Task:
Retype the whole listing verbatim and keep the pictures out of it.

[[ Data records open ]]

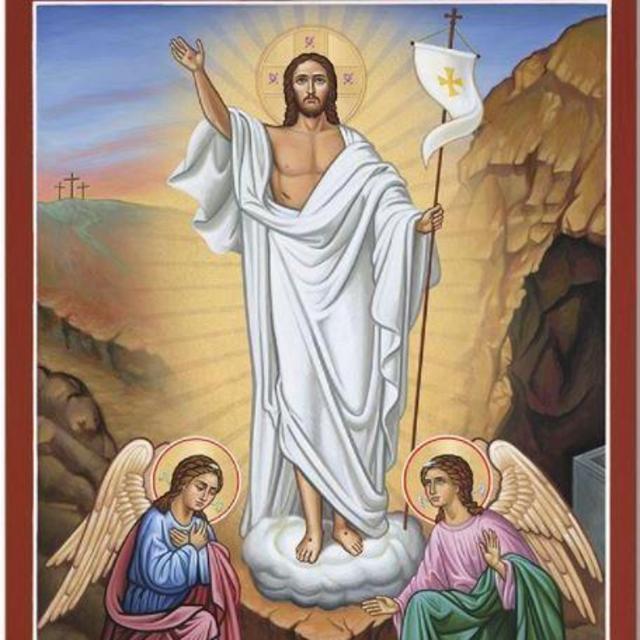 8"x10" Christ Victorious Icon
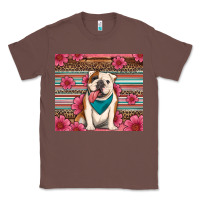 Chestnut british bulldog floral serape Classic Tee - Artiststas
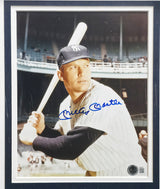 Mickey Mantle Autographed Framed 8x10 Photo New York Yankees Beckett BAS #AE85155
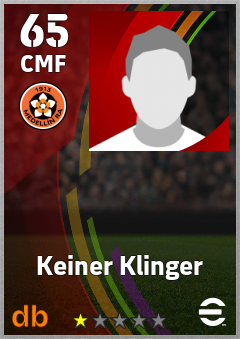 Keiner Klinger — CMF, OVR 65, MAX 65
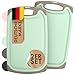 Blumtal Schneidebrett Kunststoff groß 40x24,5 cm 2er Set - Schneidebretter + Saftrillen & Griff - Cutting Board - Schneidbrett BPA frei- Chopping Board - Schneidbretter - Schneidebrett groß Grün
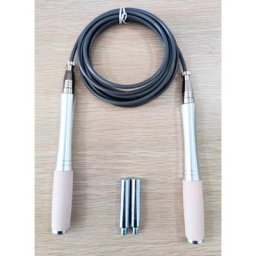 Cordon en acier lourd avec poignée en aluminium double roulement corde à sauter de vitesse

[[ Data records closed ]]

Answer to this exercise:
 8"x10" Christ Victorious Icon
 Chestnut british bulldog floral serape Classic Tee - Artiststas
 Mickey Mantle Autographed Framed 8x10 Photo New York Yankees Beckett BAS #AE85155
 Keiner Klinger — CMF, OVR 65, MAX 65
 Blumtal Schneidebrett Kunststoff groß 40x24,5 cm 2er Set - Schneidebretter + Saftrillen & Griff - Cutting Board - Schneidbrett BPA frei- Chopping Board - Schneidbretter - Schneidebrett groß Grün
 Cordon en acier lourd avec poignée en aluminium double roulement corde à sauter de vitesse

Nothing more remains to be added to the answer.